__DATASET__.

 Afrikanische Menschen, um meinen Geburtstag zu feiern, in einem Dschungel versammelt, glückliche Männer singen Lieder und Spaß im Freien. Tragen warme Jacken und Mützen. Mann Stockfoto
==
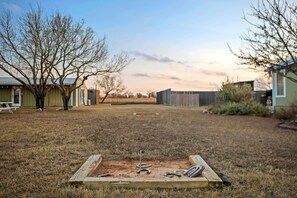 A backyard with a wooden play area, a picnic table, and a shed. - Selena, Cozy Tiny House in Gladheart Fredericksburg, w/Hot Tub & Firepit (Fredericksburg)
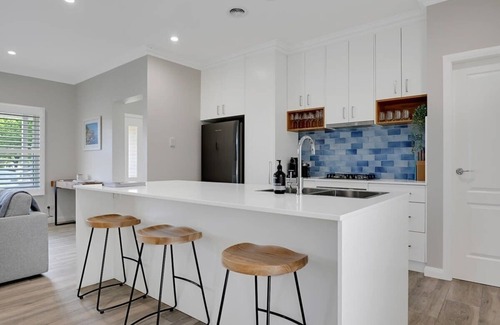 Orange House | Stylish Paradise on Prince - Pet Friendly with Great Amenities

__PROMPT__.
The answer is those lines of the material above that run from the one containing "A backyard with" up to and including the one containing "Orange House |", restated exactly and without images.

__RESPONSE TO THE EXERCISE__.
 A backyard with a wooden play area, a picnic table, and a shed. - Selena, Cozy Tiny House in Gladheart Fredericksburg, w/Hot Tub & Firepit (Fredericksburg)
 Orange House | Stylish Paradise on Prince - Pet Friendly with Great Amenities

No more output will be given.